Saved data entries
╔══

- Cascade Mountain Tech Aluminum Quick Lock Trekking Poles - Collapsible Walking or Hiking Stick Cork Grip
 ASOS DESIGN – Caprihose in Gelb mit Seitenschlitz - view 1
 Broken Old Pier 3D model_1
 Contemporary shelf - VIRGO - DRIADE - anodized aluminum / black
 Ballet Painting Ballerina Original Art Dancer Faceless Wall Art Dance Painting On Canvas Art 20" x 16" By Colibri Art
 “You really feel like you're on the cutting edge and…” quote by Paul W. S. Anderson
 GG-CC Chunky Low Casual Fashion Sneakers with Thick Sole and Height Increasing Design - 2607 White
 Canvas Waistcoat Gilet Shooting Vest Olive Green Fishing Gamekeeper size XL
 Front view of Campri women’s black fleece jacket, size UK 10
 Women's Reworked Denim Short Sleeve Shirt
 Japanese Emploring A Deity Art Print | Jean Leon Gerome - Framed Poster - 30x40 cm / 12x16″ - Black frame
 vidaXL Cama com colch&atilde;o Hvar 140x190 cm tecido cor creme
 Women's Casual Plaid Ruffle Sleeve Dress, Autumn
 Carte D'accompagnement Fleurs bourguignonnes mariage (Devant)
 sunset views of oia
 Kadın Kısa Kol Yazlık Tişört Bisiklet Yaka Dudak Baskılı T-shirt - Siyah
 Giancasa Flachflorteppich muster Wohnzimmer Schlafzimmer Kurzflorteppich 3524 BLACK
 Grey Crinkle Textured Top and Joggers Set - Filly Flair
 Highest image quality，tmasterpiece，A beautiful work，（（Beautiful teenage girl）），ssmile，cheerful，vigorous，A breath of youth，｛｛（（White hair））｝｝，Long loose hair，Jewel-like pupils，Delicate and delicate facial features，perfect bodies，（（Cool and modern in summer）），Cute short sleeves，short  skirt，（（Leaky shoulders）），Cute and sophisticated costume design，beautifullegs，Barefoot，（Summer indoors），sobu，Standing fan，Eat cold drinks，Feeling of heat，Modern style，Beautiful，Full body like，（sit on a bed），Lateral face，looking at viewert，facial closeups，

╚══

TASK REQUIREMENTS:
Could you write out the full data verbatim?

TASK RESULT:
- Cascade Mountain Tech Aluminum Quick Lock Trekking Poles - Collapsible Walking or Hiking Stick Cork Grip
 ASOS DESIGN – Caprihose in Gelb mit Seitenschlitz - view 1
 Broken Old Pier 3D model_1
 Contemporary shelf - VIRGO - DRIADE - anodized aluminum / black
 Ballet Painting Ballerina Original Art Dancer Faceless Wall Art Dance Painting On Canvas Art 20" x 16" By Colibri Art
 “You really feel like you're on the cutting edge and…” quote by Paul W. S. Anderson
 GG-CC Chunky Low Casual Fashion Sneakers with Thick Sole and Height Increasing Design - 2607 White
 Canvas Waistcoat Gilet Shooting Vest Olive Green Fishing Gamekeeper size XL
 Front view of Campri women’s black fleece jacket, size UK 10
 Women's Reworked Denim Short Sleeve Shirt
 Japanese Emploring A Deity Art Print | Jean Leon Gerome - Framed Poster - 30x40 cm / 12x16″ - Black frame
 vidaXL Cama com colch&atilde;o Hvar 140x190 cm tecido cor creme
 Women's Casual Plaid Ruffle Sleeve Dress, Autumn
 Carte D'accompagnement Fleurs bourguignonnes mariage (Devant)
 sunset views of oia
 Kadın Kısa Kol Yazlık Tişört Bisiklet Yaka Dudak Baskılı T-shirt - Siyah
 Giancasa Flachflorteppich muster Wohnzimmer Schlafzimmer Kurzflorteppich 3524 BLACK
 Grey Crinkle Textured Top and Joggers Set - Filly Flair
 Highest image quality，tmasterpiece，A beautiful work，（（Beautiful teenage girl）），ssmile，cheerful，vigorous，A breath of youth，｛｛（（White hair））｝｝，Long loose hair，Jewel-like pupils，Delicate and delicate facial features，perfect bodies，（（Cool and modern in summer）），Cute short sleeves，short  skirt，（（Leaky shoulders）），Cute and sophisticated costume design，beautifullegs，Barefoot，（Summer indoors），sobu，Standing fan，Eat cold drinks，Feeling of heat，Modern style，Beautiful，Full body like，（sit on a bed），Lateral face，looking at viewert，facial closeups，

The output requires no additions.